Thank you. I think that the -- most of the capital efficiencies were already incorporated. So as a guidance, I would say that the EUR 3.4 billion for the whole company and EUR 2.4 billion, EUR 2.5 billion for the Upstream, both in euros, is the color I can provide. Having said so, Josu Jon Imaz always said that the division's always reviews the estimates by 10%. But to me, the figure is EUR 3.4 billion, EUR 3.5 billion, okay? And in relation with the Vietnam, we can confirm that we have received notice from PetroVietnam with instruction to suspend temporarily the activities in Ca Rong Do project. We are already in conversations with PetroVietnam and with the Vietnamese authorities in order to be compensated for the impact of the suspension. Starting by the more immediate extra cost resulting from that decision. We have found the authorities and PetroVietnam as collaborative to reach a solution which is acceptable to both parties. On the other hand, the Vietnamese law has specific provisions that clearly establish that any costs resulting from suspension of offshore activities by the authority is to be fully compensated. So the only update I can bring you is that we are in conversation with the authorities and with PetroVietnam.
Thank you, Matt. Our next question comes from Rob Pulleyn at Morgan Stanley.
Most of my questions seem to have been answered already, but just one quick one. In terms of the new capital projects, the AC/DC plus, I believe you were looking to maybe progress with some of those sooner rather than later. I was just wondering if we could have an update. And maybe it's a bit preemptive in terms of the Capital Markets Day, but is there an update in your thinking about high-grading the Upstream portfolio, something you've talked about in the past?
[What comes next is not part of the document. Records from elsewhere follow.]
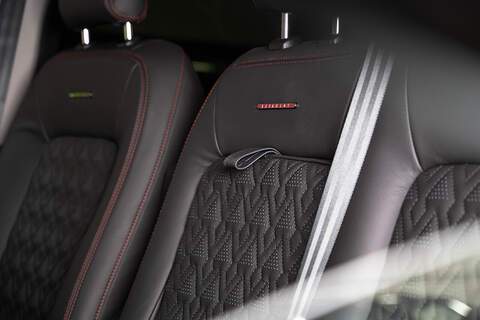 Volkswagen Transporter 2.0 T28 Diesel 110PS Manual Kombi Van SWB - N5106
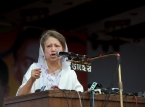 &Eta; Khaleda Zia, &eta; &pi;&rho;ώ&tau;&eta; &gamma;&upsilon;&nu;&alpha;ί&kappa;&alpha; &pi;&rho;&omega;&theta;&upsilon;&pi;&omicron;&upsilon;&rho;&gamma;ό&sigmaf; &tau;&omicron;&upsilon; &Mu;&pi;&alpha;&gamma;&kappa;&lambda;&alpha;&nu;&tau;έ&sigmaf;, &pi;έ&theta;&alpha;&nu;&epsilon; &sigma;&epsilon; &eta;&lambda;&iota;&kappa;ί&alpha; 80 &epsilon;&tau;ώ&nu;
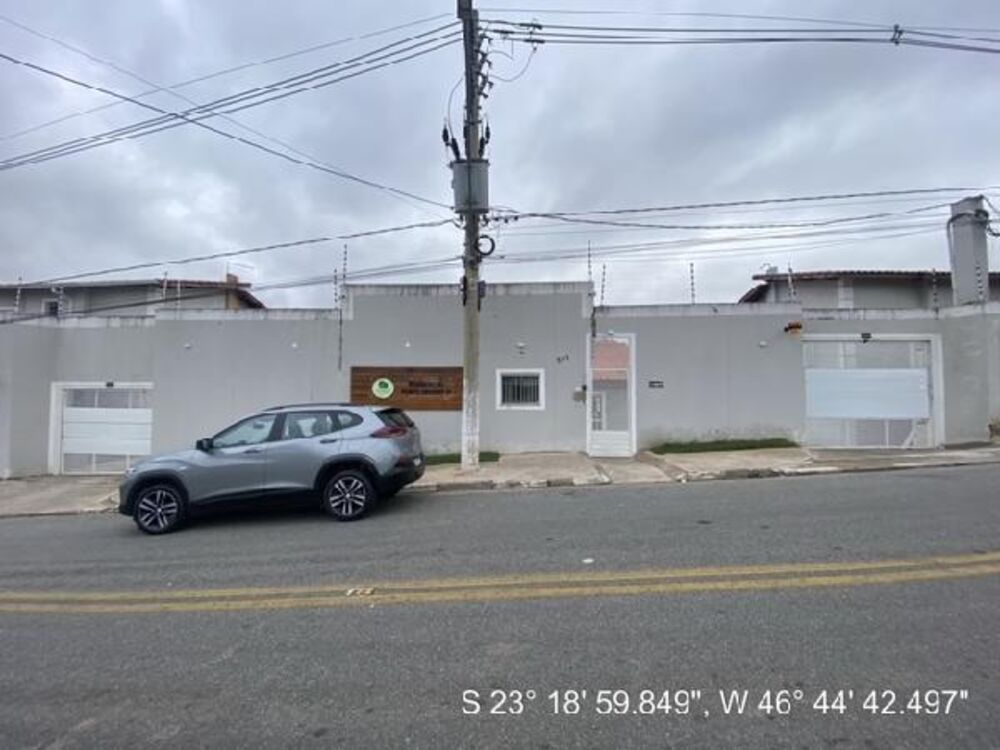 Casa à venda com 2 quartos, 98m² - Foto 1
Thanks for the question, Rob. I would say that the main new has been in Alaska and has been through the Conoco drilling, which has test between the northern and the southern part of our acreage and the results has been really positive. So I'm fully convinced that the FID for Alaska will be taking next year. Also, Akacias is already in Phase 1, producing something like 4,000 barrels a day, so a small production, but in the phase 1. And in the Duvernay, well, probably we will be taking the FID for an area called [ Ferrier ] East, in which we have identified as a sweet spot and probably the FID will be taking in 2019. , and this is more or less the update that I may tell you during the -- that has happened during the quarter, okay, Rob?
That was our last question. And at this point, I will bring our first quarter conference call to a close. Thank you for your attendance.
Thank you. That will conclude today's conference call. Thank you for your participation. You may now disconnect.